4. Knead the Chenna:

   - Gather the cloth containing the chenna and squeeze out excess water.

   - Place the chenna on a clean, flat surface and knead it vigorously for about 10-15 minutes until it becomes smooth and pliable.


5. Shape the Rosogolla:

   - Divide the kneaded chenna into small portions and shape them into smooth, crack-free balls. They should be about the size of large marbles.


6. Prepare the Sugar Syrup:

   - In a wide, deep pan, add water and sugar.

   - Bring this mixture to a boil, stirring to dissolve the sugar.

   - You can add a pinch of cardamom powder and saffron strands for flavor, if desired.


7. Cook the Rosogolla:

   - Gently place the chenna balls into the simmering sugar syrup.

   - Cover the pan and let them cook on medium heat for about 15-20 minutes.

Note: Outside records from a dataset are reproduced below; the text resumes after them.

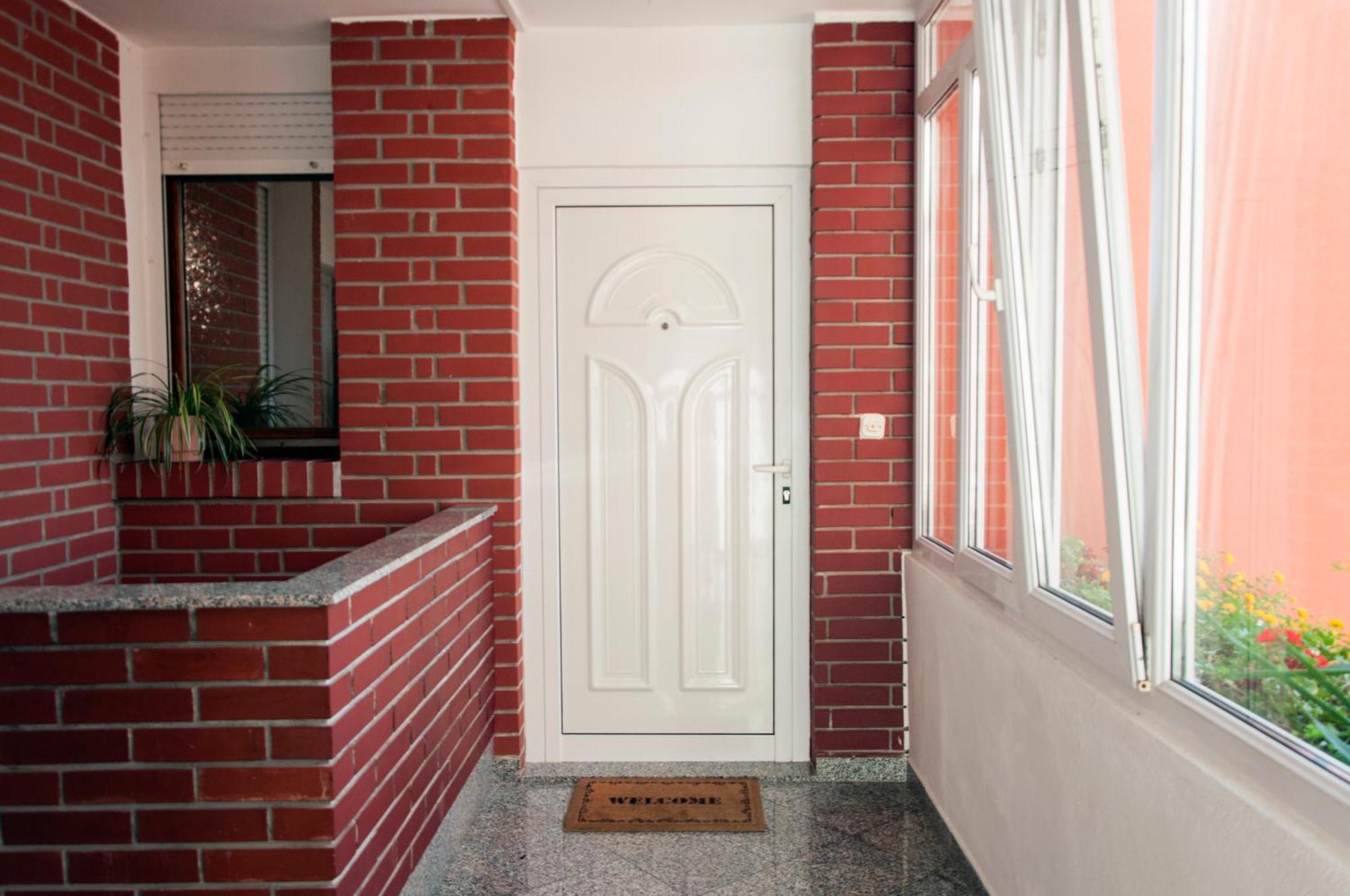 Apartment Lanela Zadar Exterior photo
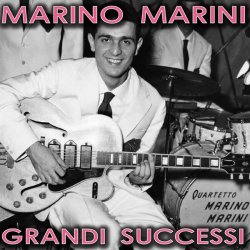 Обкладинка Marino Marini - Aummo Aummo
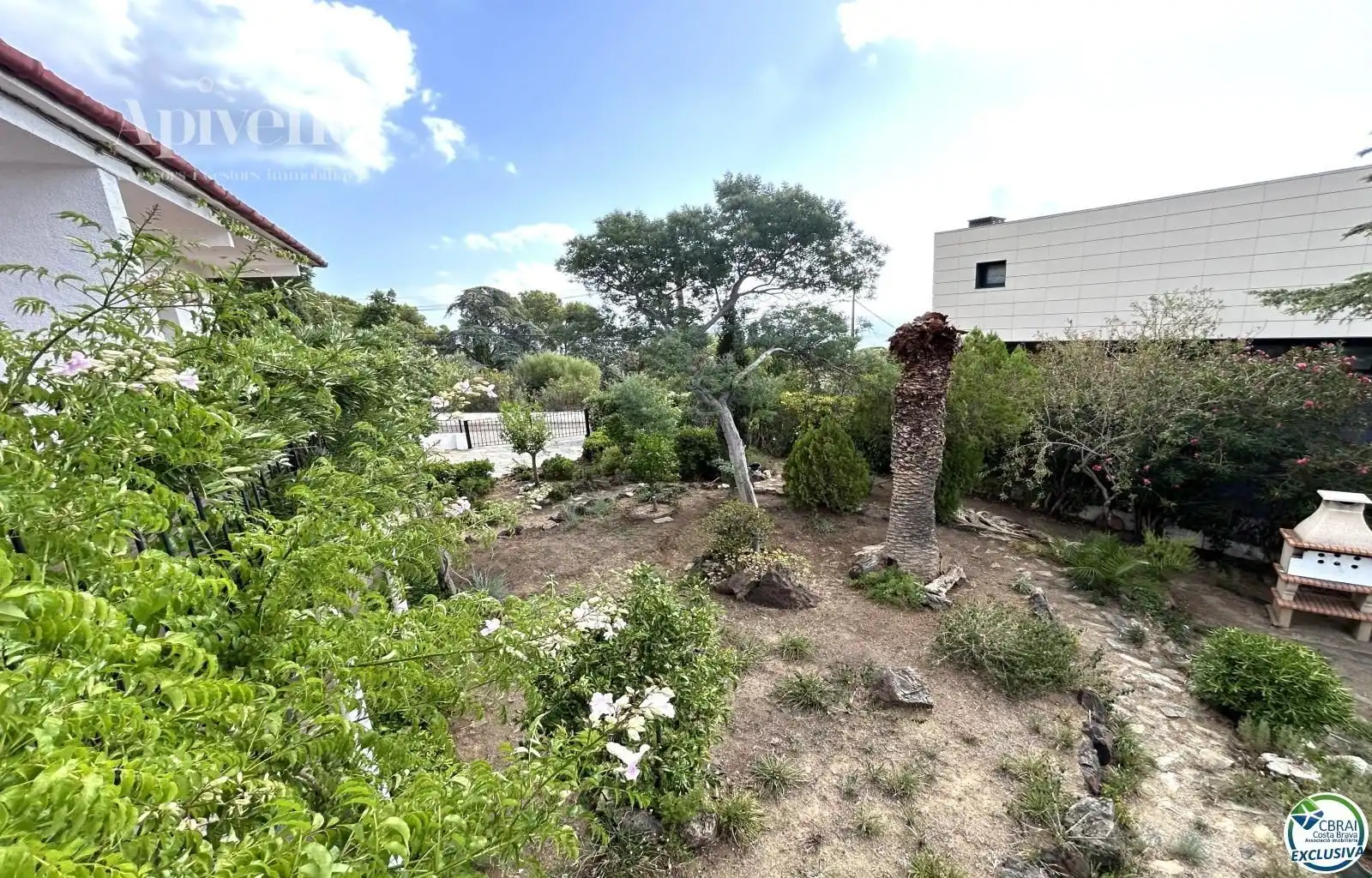 Villa avec jardin à vendre à Pompeu Fabra, imagen 49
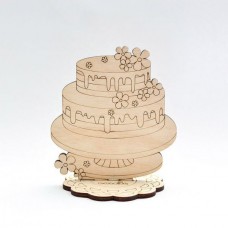 Декоративный элемент 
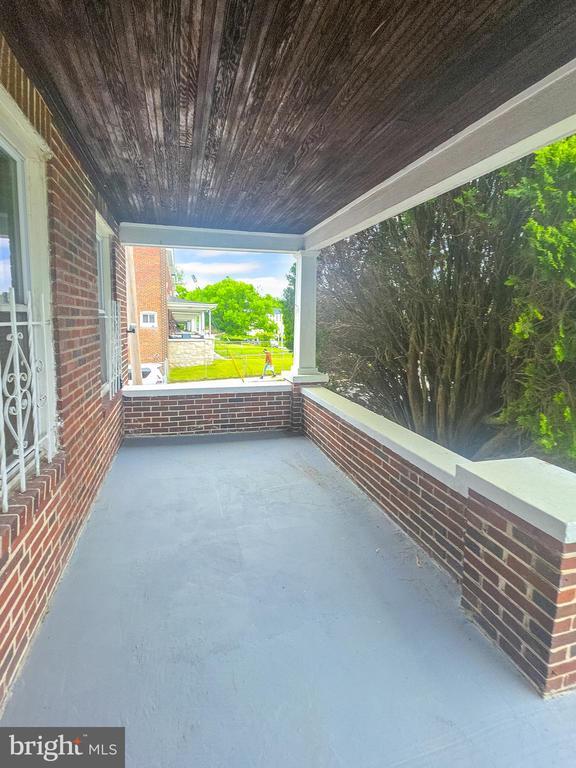 Photo - 3200 Normount Ave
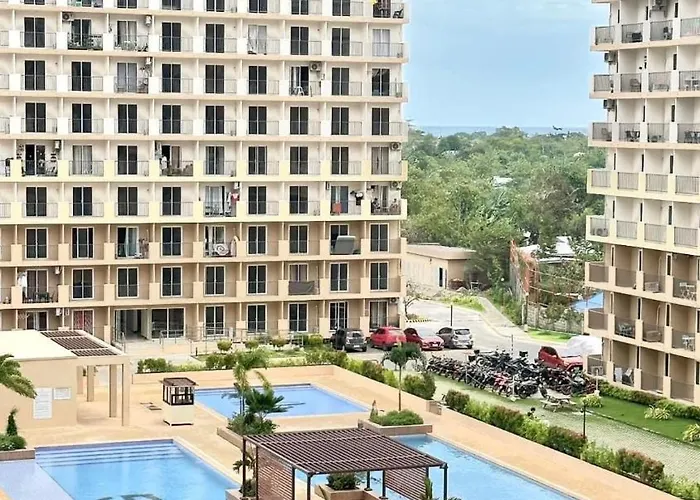 Dds Holistay Apartment Lapu-Lapu City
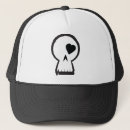 Search for rock skull hats Bones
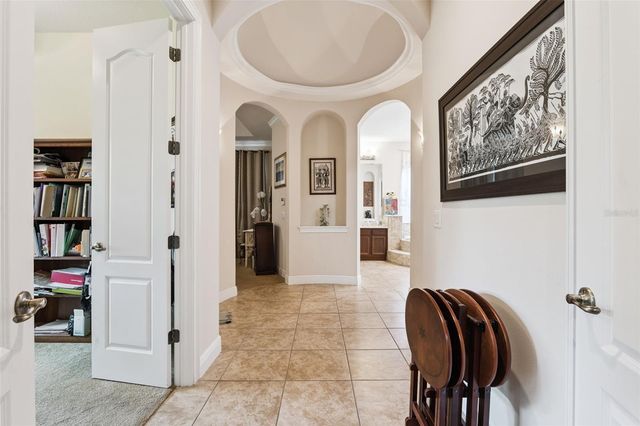 3020 PALERMO COURT, Mount Dora, FL 32757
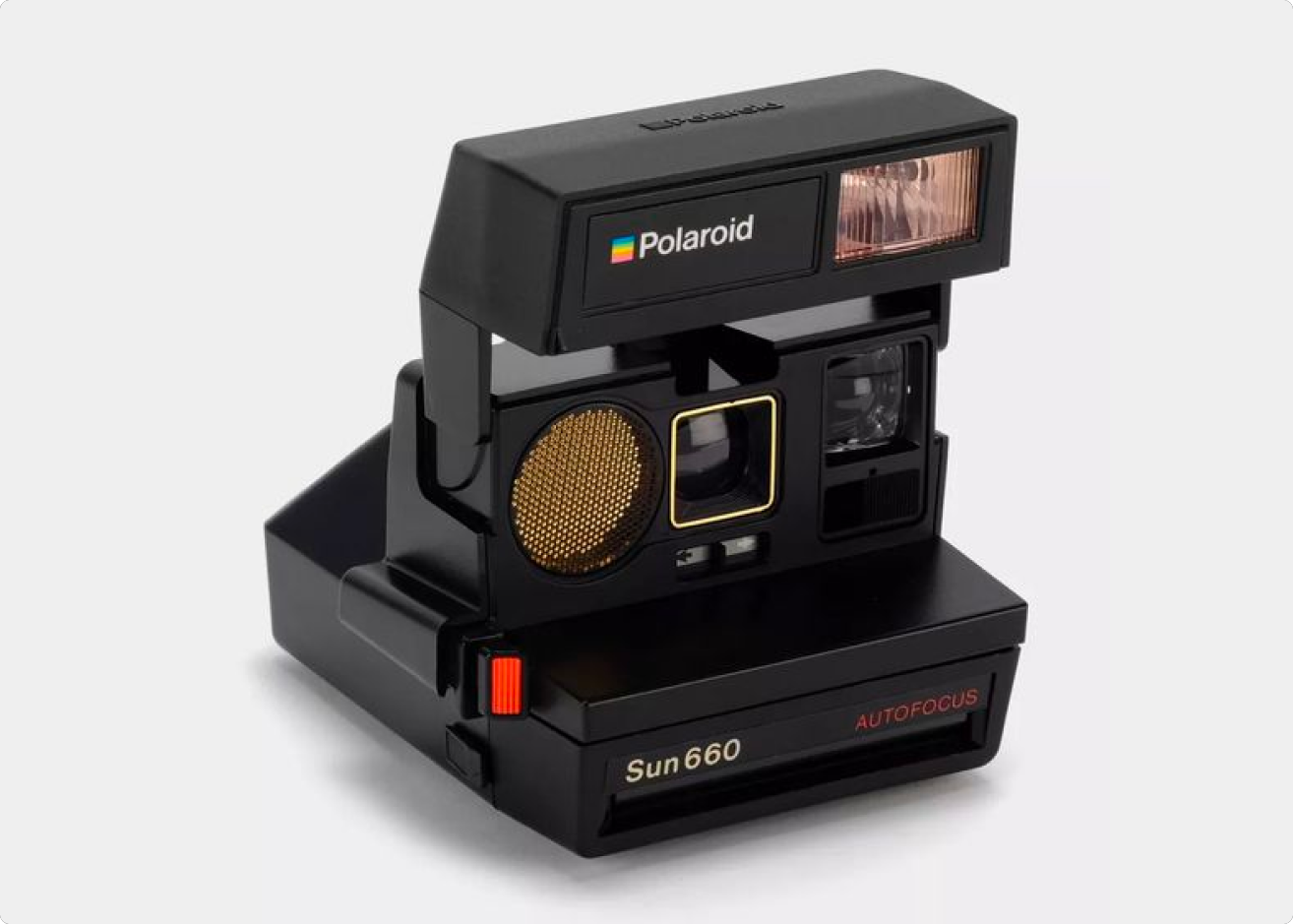 Картинка Polaroid Sun 660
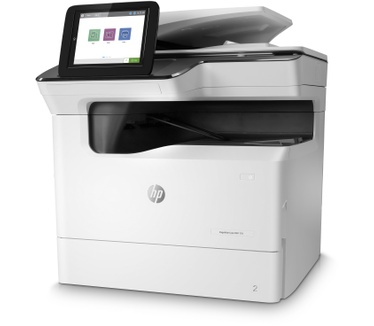 HP PageWide Color MFP 779dn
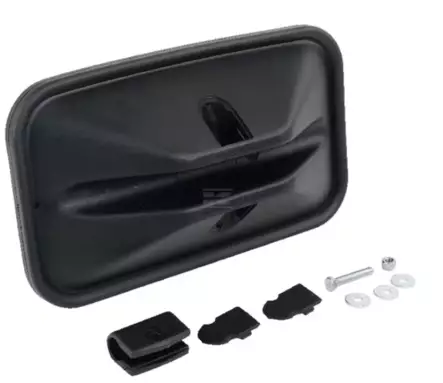 Peili Kupera - Ohjaamotarvikkeet - 8719493224757 - 1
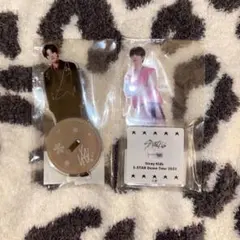 StrayKids スキズ スンミン アクスタ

They will puff up and double in size.


8. Cool and Serve:

   - Turn off the heat and let the rosogolla cool in the syrup.

   - Once they reach room temperature, transfer them to the refrigerator for a few hours to chill.

   - Serve chilled rosogolla as a delightful Bengali dessert.


Remember that making perfect rosogolla can be a bit tricky and may require practice to get the right texture and consistency. Enjoy your homemade rosogolla!